CSC 161 Grinnell College Spring, 2009 Imperative Problem Solving and Data Structures

# Pictorial Loop Invariants

## Goals

This laboratory exercise applies the concept of loop invariants to problems involving array structures, specifically to the binary search.

## Introduction

The idea of a binary search is reasonably straightforward, but 'Binary search is one of the trickiest "simple" algorithms to program correctly.' [e.g., Wikipedia, article on Binary Search]. In this reading, we will see that loop invariants provide a helpful tool that allows us to actually get the code right.

## The Binary Search Algorithm

Acknowledgement: The following four-paragraph description is a slightly edited version of Henry M. Walker, Computer Science 2: Principles of Software Engineering, Data Types, and Algorithms, Little, Brown, and Company, 1989, Section 10.1, p. 389, with programming examples translated from Pascal to C. This material is used with permission from the copyright holder.

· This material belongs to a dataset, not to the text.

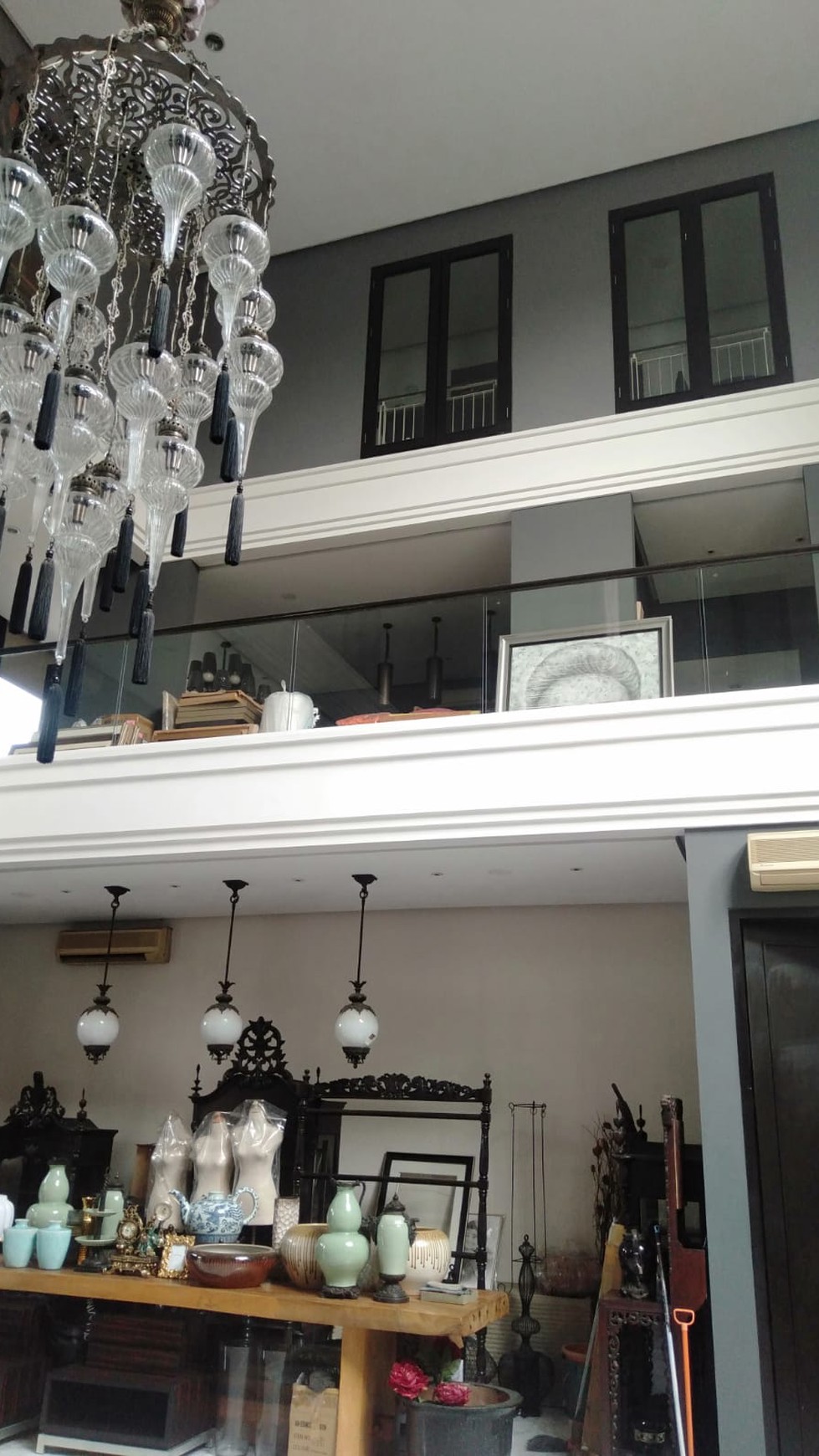 For Rent Luxurious Gallery and Office Building di Lokasi Strategis Kemang Jakarta Selatan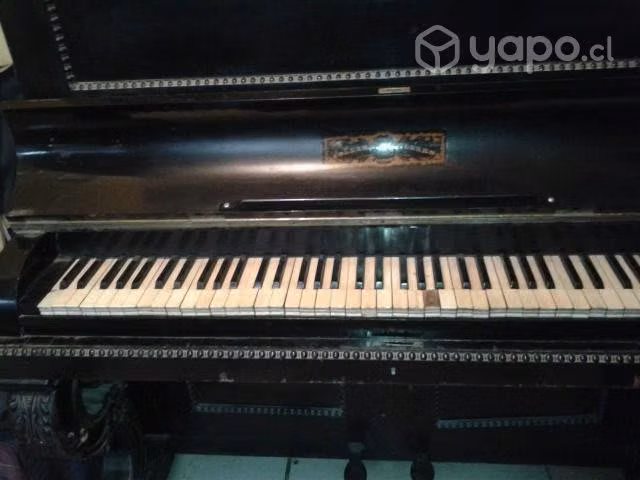 Piano antiguo - Imagen 4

### High-level Description

The binary search involves looking for an item within an array that has already been sorted. We begin with an array of data a, ..., a[size-1], and we wish to search for a particular item. The approach is to look for item in the middle of the array and make inferences about where to look next. Overall, the binary search allows us to divide the amount of data under consideration in half each time.

To understand how this is done, we consider how we might look up a name in a telephone book. We begin by opening the telephone book to the middle. If we are lucky, we see the name on the page in front of us. However, even if we are unlucky, we can tell which half of the book contains the name.

Once we know which half the name is in, we turn to the middle of that half. Again, we might be lucky and find the name immediately. Otherwise, we can restrict our attention to just that part where the name must be. (We are now looking at just one-quarter of the original book.)

As we proceed in subsequent steps, we continue looking at the middle page of the section remaining, and dividing that section in halves until we find the name or until we run out of pages to look at.

### Some Details of Specification

As we focus more closely on the binary search, we need to consider more clearly just what result we might want when we are done. Here are some two of the various possibilities:

• Return true or false according to whether or not the item is present.
• Return the array index where value is found or the index of the first array value larger than the item. (If item is larger than all items in the array, return the array size — the index after the last array element.)

Here, we ask for the second result. In practice, if data are in the first part of a large array, then the index returned will indicate where to insert a new item so the array will remain ordered; we would just slide larger elements to the right within the large array and insert the new item.

### Toward a Precise Loop Invariant

To describe processing, we first translate the algorithm to a general picture: In this picture, array elements on the left of the array have been determined to be smaller than the desired item, and elements on the right have been determined to be larger. The variables left and right mark the boundaries of these checked regions, and middle marks the location halfway between left and right.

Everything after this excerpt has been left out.